Best Urban Forests: I was happy to read that the second and third places finishers in a survey conducted for this book–”healthiest forest ecosystem in New York City”–were my present and past home-forests, in Van Cortlandt and Inwood Hill Parks. The first was noted for its faunal variety, including critters I’ve witnessed there on occasion: wild turkeys, coyotes, red foxes and deer. Inwood Hill Park, write Mittelbach and Crewdson, bears “100-foot-tall tulip trees [that] remind foresters of southern Appalachian forests.” I was also happy to note that the blue ribbon winner of this “contest,” the 2,500-acre Staten Island Greenbelt, is still on my New York City bucket list.

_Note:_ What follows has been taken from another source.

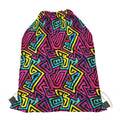 Psychedelic Funky Pattern Print Drawstring Bag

Humans, in Nature: My readings of late have conspired to remind me that we the people live in this wild world, and that we affect it in positive (though clearly not uniformly “good”) ways. There is no such thing as “hands off”–we exist, and so, we impact. Many of New York City’s wild creatures depend on humans or human creations–for food or shelter, comfort or defense. This book gave several examples: abandoned piers in the East River have become havens for eelgrass and seahorses; migratory birds happily visit artificial ponds in city parks; JFK airport is a frequent winter home for snowy owls, because its flat treeless terrain reminds them of the arctic while providing plenty of rats and other critters to eat. Peregrine falcons nest in bridges, churches, and even apartment buildings across the city, and pigeons subsist by and large by eating what people leave behind. And then, last but never least, there is the…
Cockroach: One cannot profess to love the New York wild without reckoning with these creatures. My family knows them well, from the smaller and more common German cockroaches to the buxom, three-inch-long American variety. Cockroaches can fly. Did you know this? We didn’t, either, until one lofted off a clothing rack and landed on my husband, in bed. This book states that these creatures most likely migrated here on the ships of European settlers, and that they aren’t found in the wild: they need our cities, our crumbs, our buildings, our warmth and human humidity. Write Mittelbach and Crewdson: “Entomologists say that if people suddenly abandoned the Big Apple and turned off the heat as they left, cockroaches would probably die off. However, these adaptable little pests are such tough survivors that no one is willing to bet that they wouldn’t make it here on their own.”
My recommendation for this book is absolute–if you’re a New Yorker or are planning a visit, it’s a must; if not, enjoy it as a clear and thorough narrative of how place and human experience, however seemingly concrete and anthropogenic, are ultimately, intimately and forever shaped by the more-than-human.